I hate talking about training. Literally. And I do mean any type of training in existence, especially regarding anything that has anything to remotely do with anything in the tactical inductor. For example, firearms training. If you ask three tactical firearms instructors about something that you would assume would be shared knowledge, there is a strong chance that the only thing that two of the guys would agree on, the third guy is wrong.

Why Everyone Needs A Firearms Class

The other funny yet not funny thing that tend to I hear is “I have been around guns my entire life;I don’t need training”. That usually comes from the same exact guy that proceeds to shoot himself in the foot while reupholstering. Even highly experienced gun guys can get complacent, and that’s generally when mistakes happen.

For example, let’s take guns out of the conversation and change the word “gun” to “coffee”. Now let’s take my Co-Worker Steve who sits next to me, which may or may not be a good example because Steve is an NRA instructor, an active Police officer, and a United States Marine Combat Veteran. Yet, Steve’s complacency disabled him from being able to distinguish the difference between a hot cup of coffee and trail mix. That’s right, instead of pouring a delicious blend of pretzels and M&Ms into his support hand, he gave it first degrees burns by deploying a cup of fragrant morning mud over it. Yes, folks, complacency can burn the skin off your hand. And yes, I wasn’t sure where I was going with that one for a moment.

Day Number One

But let’s add the word “firearms” back into this tasty bag of trail mix. Let’s ask “why do I need a firearms class? And what is The Importance of Proper Training?”.

For this, I decided to lean over to my other Co-Worker Tony who is also an NRA instructor and who happens to agree that Steve should avoid coffee and simple things like breathing.

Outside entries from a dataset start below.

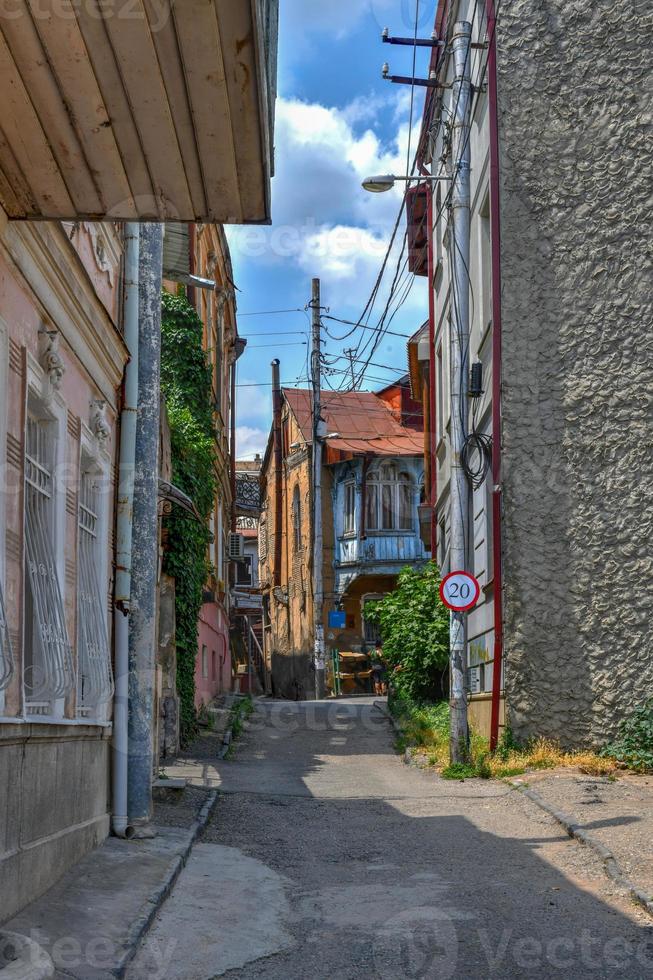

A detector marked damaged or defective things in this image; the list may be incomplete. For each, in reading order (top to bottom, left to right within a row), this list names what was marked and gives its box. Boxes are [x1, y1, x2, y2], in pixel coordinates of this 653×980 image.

rusty metal roof [282, 386, 426, 460] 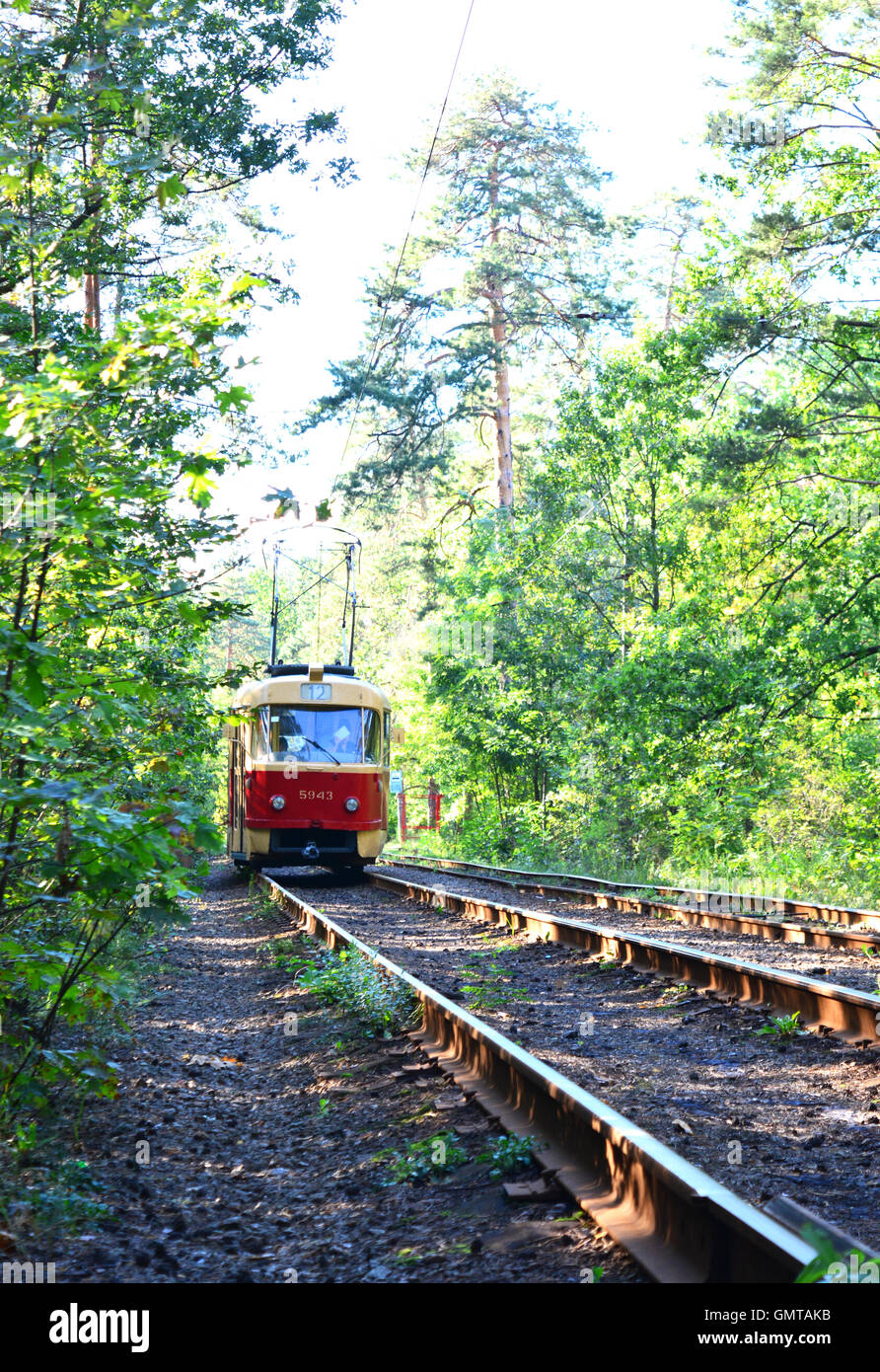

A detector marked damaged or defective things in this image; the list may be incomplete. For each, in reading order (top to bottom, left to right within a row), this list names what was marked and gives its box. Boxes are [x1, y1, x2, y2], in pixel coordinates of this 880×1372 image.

rusty rail track [367, 877, 880, 1050]
rusty rail track [383, 853, 880, 952]
rusty rail track [258, 877, 848, 1279]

Here is what Tony would say to anyone that would ask him “Why do I need a firearms class? And what is The Importance of Proper Training?”.

1. Learn The Basics

Learn the basics of gun safety. Learn the parts learn how to take them apart, clean them, and put it back together. Learn how to clear your un when it misfires “jams”. Learn your favorite grip and stance. Learn the difference between concealment and cover. There are so many things that seem basic to many of us, but it’s the basics that will keep you alive in a gunfight.

     2. Refresh Your Skills

      Let’s look back at rule number one. Even the NAVY Seals see the need to practice basics and train, and so should you.  Seriously, every world champion of every sport on Earth spends their days and nights training to be better, I think that we all have skills that need to be brushed up on. None of us is too good for that.

3. Get An Outside View

No one likes to be criticized. But good critiquing is good critiquing. People on the outside see what you can’t. If they know what they are talking about that then just learn with an open mind. And if you hate what he has to say, just say “f@ck that guy” after he leaves.

4. learn New Techniques

If you are willing to use Google, YouTube, or MAPS to figure out a problem then going to a firearms class really isn’t that big of a stretch. I am always down to learn a new way of making myself better than I was yesterday. And when it comes to firearms training, you really DO want to be your very best at handling your gun. That is a LOT of power that you are holding in your hand. Master every angle of firearms training that you can.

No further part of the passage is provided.